NeurodataWithoutBorders / matnwb

A Matlab interface for reading and writing NWB files
BSD 2-Clause "Simplified" License
49 stars 32 forks source link

[Bug]: Unable to read an NWB file generated from OpenEphys #492

Open himahuja opened 1 year ago

himahuja commented 1 year ago

What happened?

Using NWB version 2.6.0 release to open an NWB file with schema version 2.5.0, and unable to read it because of some unidentified fields. Also, the file could be read using PyNWB and viewed in HDFViewer.

Steps to Reproduce

nwbRead('experiment1.nwb')

Error Message

Error using types.util.checkUnset (line 13)
Unexpected properties
{channel_conversion_description num_samples sync
sync_interval sync_unit}.

Your schema version may be incompatible with the
file.  Consider checking the schema version of the
file with `util.getSchemaVersion(filename)` and
comparing with the YAML namespace version present in
nwb-schema/core/nwb.namespace.yaml

Error in types.core.ElectricalSeries (line 40)
            types.util.checkUnset(obj,
            unique(varargin(1:2:end)));

Error in io.parseGroup (line 85)
    parsed = eval([Type.typename '(kwargs{:})']);

Error in io.parseGroup (line 38)
    subg = io.parseGroup(filename, group,
    Blacklist);

Error in io.parseGroup (line 38)
    subg = io.parseGroup(filename, group,
    Blacklist);

Error in nwbRead (line 59)
nwb = io.parseGroup(filename, h5info(filename),
Blacklist);

Operating System

Windows

Matlab Version

2020a

Code of Conduct

lawrence-mbf commented 1 year ago

There doesn't seem to be a channel_conversion_description under ElectricalSeries in either schema. Can you ensure that this is definitely the ElectricalSeries as defined in core or some other extension that is including the ElectricalSeries class?

MatNWB cannot represent classes that deviate from the schema spec without an extension class.

If you can, could you provide a file representative of these issues?

rly commented 1 year ago

@himahuja how did you generate this file?

himahuja commented 1 year ago

I checked the open ephys documentation regarding their NWB plugin, and I can find channel conversion field in their documentation.

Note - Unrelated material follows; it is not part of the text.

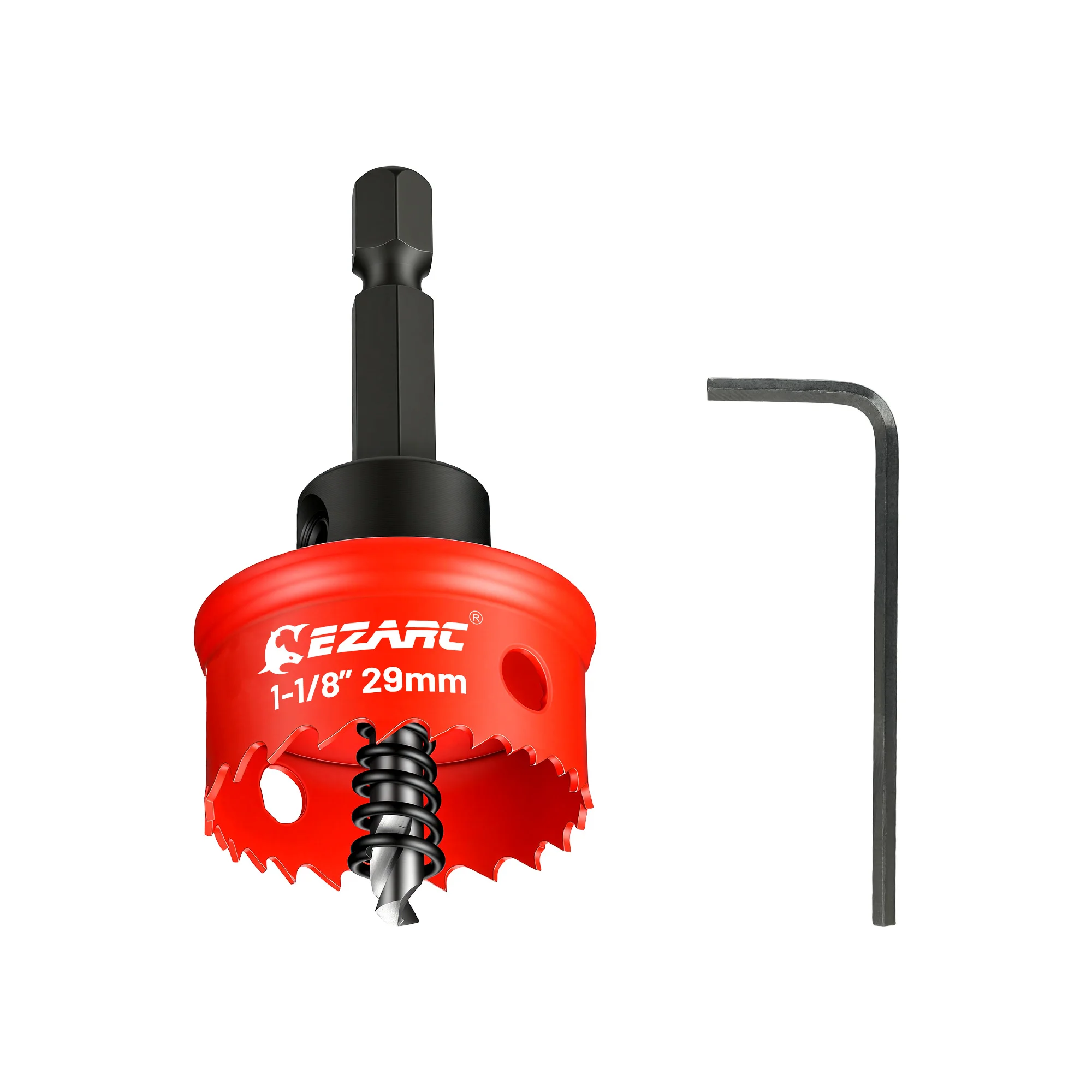 EZARC 1 Stück Dünnwand-Lochsäge 22/29/35mm M42 Bi-Metall mit 8% Kobalt Sechskantschlüssel 6/10 TPI 1/4" Sechskantschaft Bohrer für Metall Holz PVC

Each spikes group is an NWB SpikeEventSeries containing the following datasets:

data: array with dimensions S spikes x N channels x M samples containing the spike waveforms. The channel_conversion attribute stores the “bitVolts” value required to convert these values into microvolts (headstage channels) or volts (ADC channels).

https://open-ephys.github.io/gui-docs/User-Manual/Recording-data/NWB-format.html

I am also allowing access for the Box file for the data here. It's 20G.

oruebel commented 1 year ago

I checked the open ephys documentation regarding their NWB plugin, and I can find channel conversion field in their documentation.

@jsiegle @medengineer this question is related to the OpenEphys NWB plugin. Do you have any thoughts or comments?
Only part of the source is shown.